The early Church recognized Peter's special role.



Today’s Gospel tells us that Peter was to have a special role among the Apostles. It is interesting that Peter’s commissioning in John’s final chapter is book-ended by an incident in Chapter One of John’s Gospel. Back then Simon’s brother Andrew brought him to meet Jesus. When Jesus saw him he said, “You are Simon, son of John. You will be called Kephas.” That was the Aramaic word for the kind of rock used for foundations. There is no other instance of its being used as a man’s proper name. The Latin for Kephas was Petrus.

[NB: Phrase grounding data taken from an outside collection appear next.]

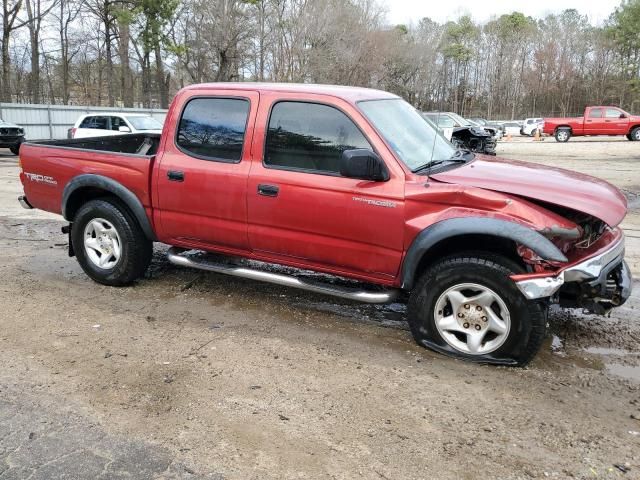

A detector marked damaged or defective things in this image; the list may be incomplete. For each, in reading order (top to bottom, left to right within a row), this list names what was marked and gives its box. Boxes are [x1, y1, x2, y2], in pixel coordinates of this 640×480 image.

damaged front end [448, 126, 498, 157]
crushed hood [432, 156, 628, 227]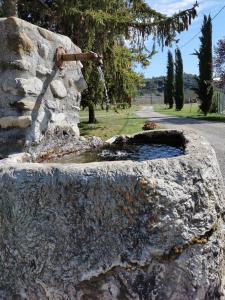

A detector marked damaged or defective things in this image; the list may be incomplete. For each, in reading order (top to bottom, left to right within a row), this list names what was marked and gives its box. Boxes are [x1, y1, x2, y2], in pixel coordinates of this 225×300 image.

rusty tap [55, 46, 103, 69]
rusty metal pipe [56, 46, 103, 69]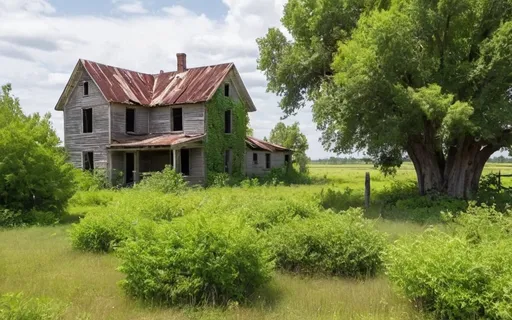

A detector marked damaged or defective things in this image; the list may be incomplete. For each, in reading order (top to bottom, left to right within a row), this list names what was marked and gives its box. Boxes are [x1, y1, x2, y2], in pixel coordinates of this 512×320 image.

red rusted roof panel [81, 58, 232, 106]
rusty metal roof [81, 60, 234, 107]
rusty metal roof [109, 132, 204, 149]
red rusted roof panel [245, 136, 292, 152]
rusty metal roof [247, 136, 292, 152]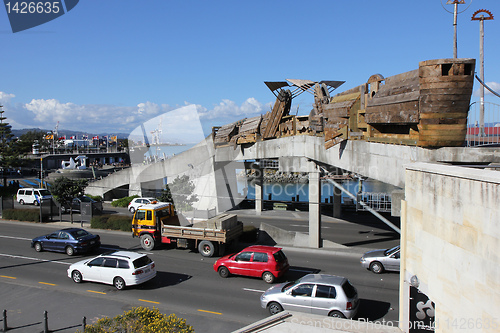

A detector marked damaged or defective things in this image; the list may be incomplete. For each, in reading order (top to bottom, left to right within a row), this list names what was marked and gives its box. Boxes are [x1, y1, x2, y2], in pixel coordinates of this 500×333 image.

rusty metal structure [212, 57, 476, 148]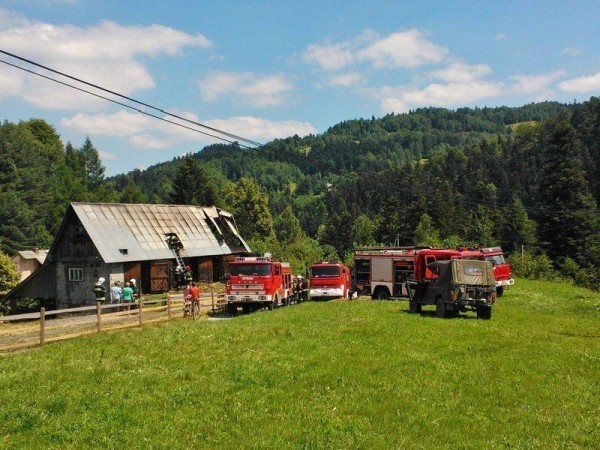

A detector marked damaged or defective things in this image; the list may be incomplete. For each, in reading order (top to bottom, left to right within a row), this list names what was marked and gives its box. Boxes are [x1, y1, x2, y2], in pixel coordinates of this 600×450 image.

damaged barn roof [68, 203, 251, 264]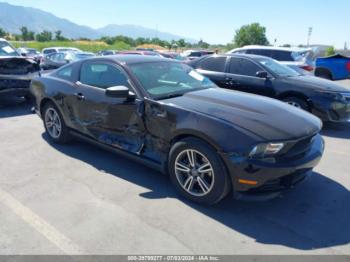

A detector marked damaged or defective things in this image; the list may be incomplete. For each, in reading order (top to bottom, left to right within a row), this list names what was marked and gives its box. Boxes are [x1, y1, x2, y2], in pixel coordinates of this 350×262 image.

crumpled hood [284, 75, 350, 92]
crumpled hood [165, 88, 322, 141]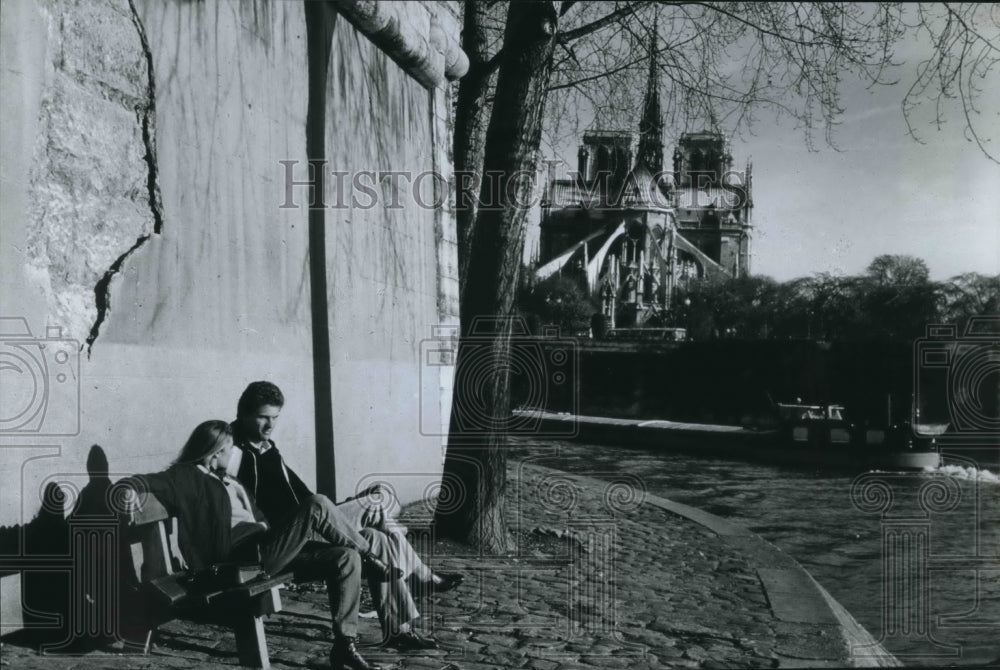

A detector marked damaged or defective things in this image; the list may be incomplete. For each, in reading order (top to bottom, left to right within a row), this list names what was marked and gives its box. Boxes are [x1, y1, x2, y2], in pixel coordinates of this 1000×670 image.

Most people feel that the reason Jesus three times asked Peter if he loved him was that Peter had three times denied him. While going along with that, scholars also point out that great offices were ceremoniously conferred by a threefold formula of bestowal. (There does not seem to be any symbolic difference between Jesus saying feed the lambs and feed the sheep.)

We usually consider these places in John’s Gospel in conjunction with the passage in Matthew where Jesus said, “You are Peter, and on this rock I will build my church, and the gates of hell will not prevail against it.”  They point to Peter’s obvious leading role, as do incidents in the Acts of the Apostles and in Paul’s letters.  Church History then confirms the acceptance of the authority of Peter’s successors as bishops of Rome.

I like St. Cyprian’s witness to the pope’s authority. In 255 as bishop of Carthage he was engaged in many debates with Pope Stephen over the pope’s right to choose bishops for North Africa, yet Cyprian wrote a stirring defense of the need for individual dioceses to be in union with Rome if they wanted to belong to the Catholic Church.